**Exercise inputs:**
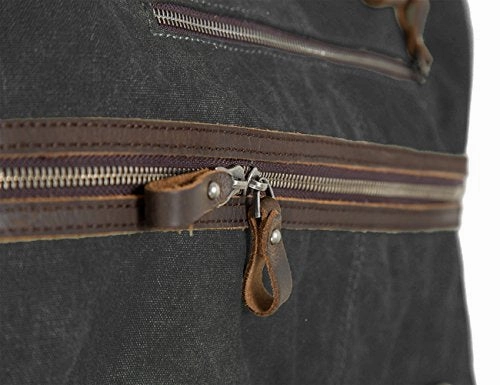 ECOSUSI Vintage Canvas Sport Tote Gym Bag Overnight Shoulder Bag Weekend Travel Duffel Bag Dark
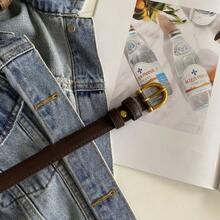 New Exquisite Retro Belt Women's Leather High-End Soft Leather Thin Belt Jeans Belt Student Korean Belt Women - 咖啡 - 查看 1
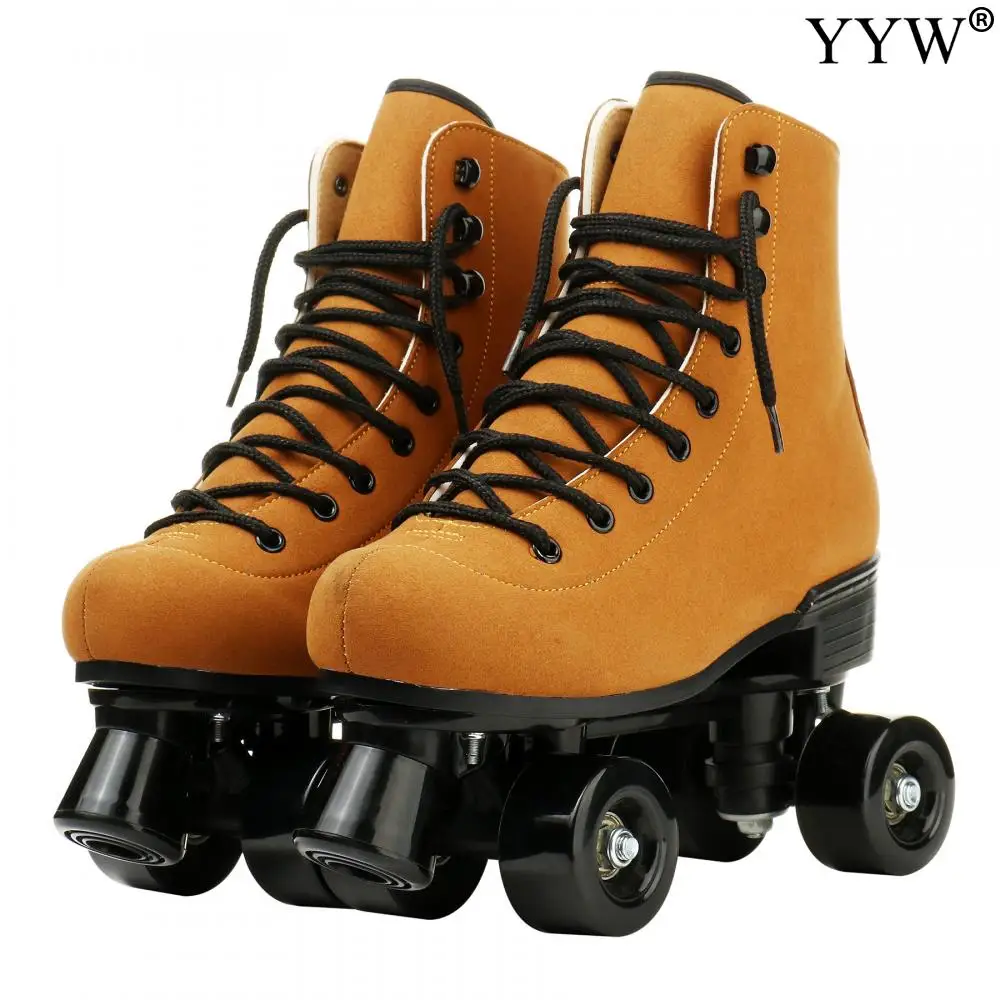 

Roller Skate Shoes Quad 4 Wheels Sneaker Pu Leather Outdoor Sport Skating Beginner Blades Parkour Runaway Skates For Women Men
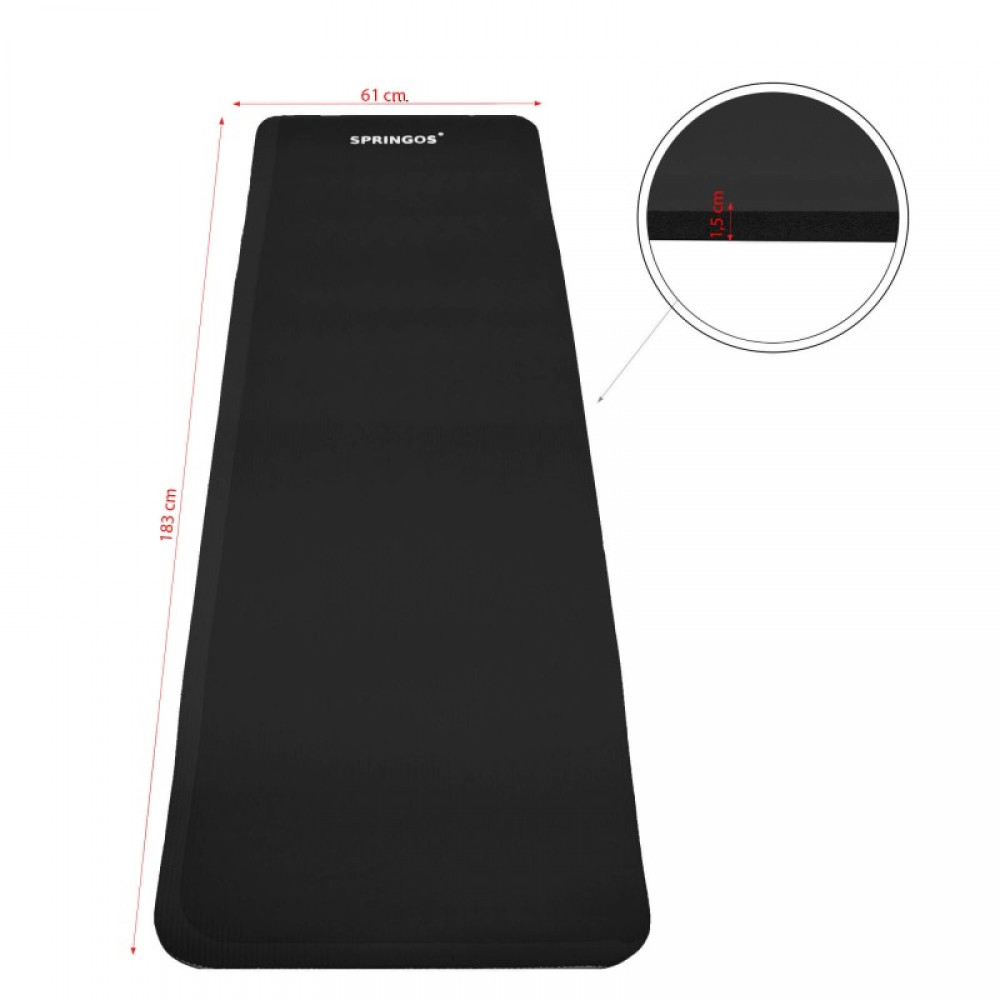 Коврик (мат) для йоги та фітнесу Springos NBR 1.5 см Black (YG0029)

...

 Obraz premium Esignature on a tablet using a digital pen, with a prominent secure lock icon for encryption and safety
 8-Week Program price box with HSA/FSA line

--

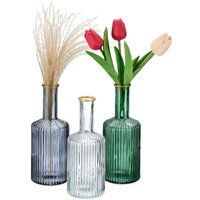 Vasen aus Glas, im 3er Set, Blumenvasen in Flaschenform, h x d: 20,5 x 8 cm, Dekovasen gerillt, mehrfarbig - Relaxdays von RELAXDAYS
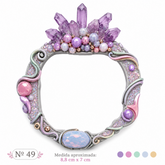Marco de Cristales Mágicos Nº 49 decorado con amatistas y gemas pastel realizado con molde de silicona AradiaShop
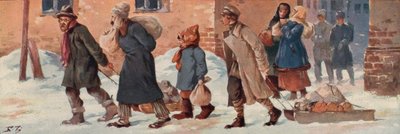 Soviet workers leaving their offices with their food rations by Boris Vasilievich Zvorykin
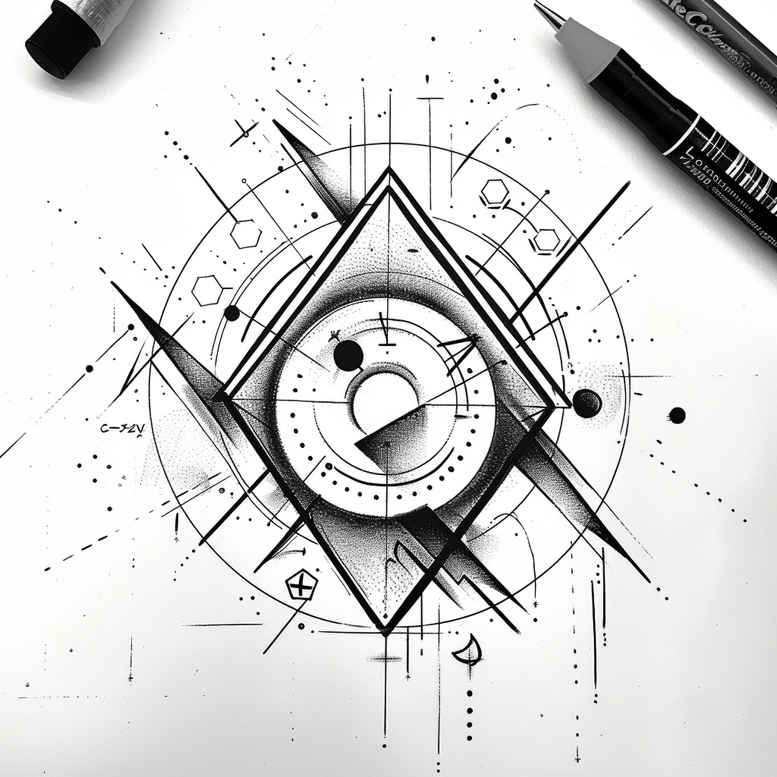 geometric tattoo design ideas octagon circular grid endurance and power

**Assignment:** Look above for the line containing "ECOSUSI Vintage Canvas", then write out every line from there down to the line containing "New Exquisite Retro", that line included, with no pictures.

**Written answer:**
 ECOSUSI Vintage Canvas Sport Tote Gym Bag Overnight Shoulder Bag Weekend Travel Duffel Bag Dark
 New Exquisite Retro Belt Women's Leather High-End Soft Leather Thin Belt Jeans Belt Student Korean Belt Women - 咖啡 - 查看 1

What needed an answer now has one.